Words by Fergus Collins
Illustration by Alan Baker
Take a walk on a sunny, late autumn day and you’ll enjoy the stirring sight of insect life buzzing in our hedgerows. Even as the days shorten and the nights generate the first frosts, a bit of afternoon watery warmth brings wasps, hoverflies, late butterflies and other flying critters out in their multitudes.
It’s odds-on that these late drinkers will be heading for the last-chance saloon – the nectar-rich flowers of ivy. One of our last native plants to flower, ivy offers abundant food in an otherwise lean period for insects, albeit delivered in yellowish-green dome-like clusters called umbels – a far cry from the soft, petalled stereotype of a ‘flower’. These buds mature into deep purple berries providing a reliable source of fat-rich food for birds throughout the winter and early spring, especially thrushes, woodpigeons and the first migrants such as blackcaps.
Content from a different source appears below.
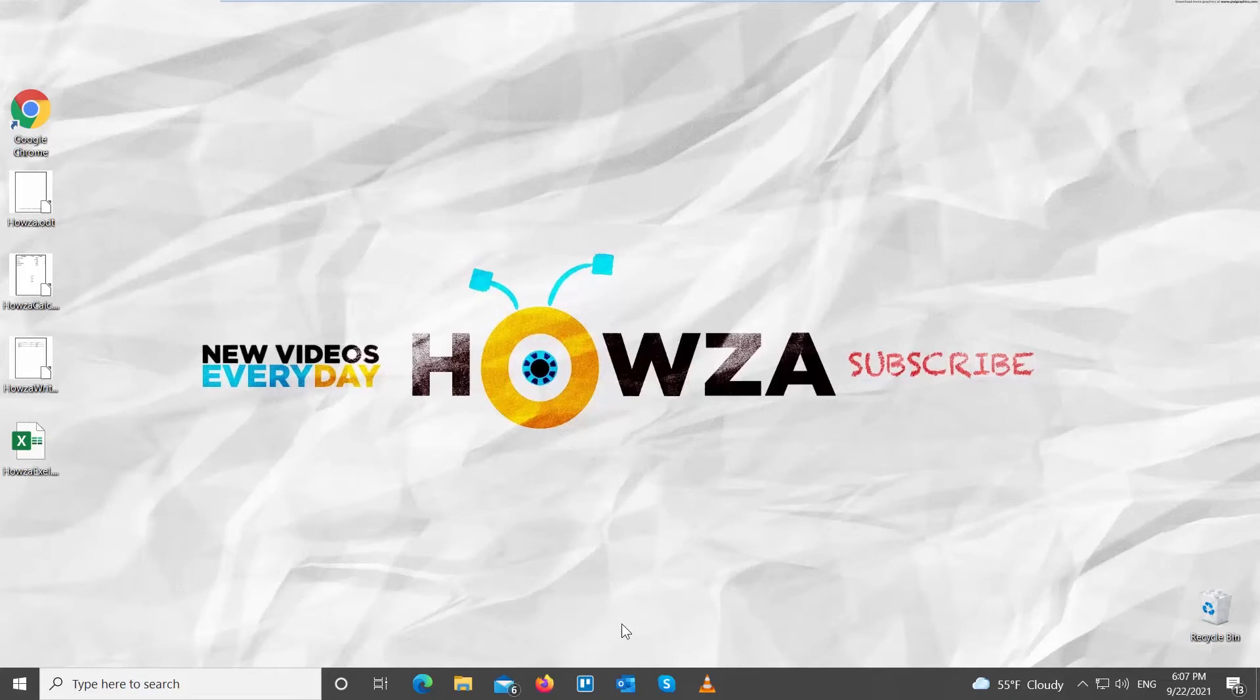Hey! Welcome to Hazard Channel! In today's tutorial, you will learn how to create random text in LibreOffice.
You would expect universal affection for such generosity but matters are never that simple. Ivy is a vine-like creeper and it survives by using other plants, especially trees, as a support as it climbs into the canopy to expose its glossy spear-head-shaped leaves to sunlight. It uses special stems with thick hairy roots, which are strong enough to penetrate mortar and brickwork on houses, to grip smooth surfaces. Many people believe that ivy strangles, starves or even poisons its host tree as it climbs, and call for the plant to be removed from woods and gardens wherever it is found.
“This is a myth,” says Canal & River Trust ecologist Laura Mullholland. “Ivy doesn’t steal or feed on its host – it gains its nutrients and water through its own roots. It doesn’t kill the tree it is climbing on.” Similarly, in its report on ivy, Arboriculture and Advisory Service (AAS) states: “There appears to be no scientific research or quantitative investigation of either the distribution of ivy or its effect on trees. As such there is considerable prejudice but no evidence.”
So where does the myth come from? “In old diseased or dying trees, ivy can begin to dominate the entire crown of the tree,” says Laura. “This can be a burden and, in the high gales of winter, the ivy’s evergreen foliage can act as a sail, catching the wind and toppling the tree. People think that the ivy has killed the tree when in fact it was already dying or dead.” A normal, healthy tree will be unaffected according to the AAS.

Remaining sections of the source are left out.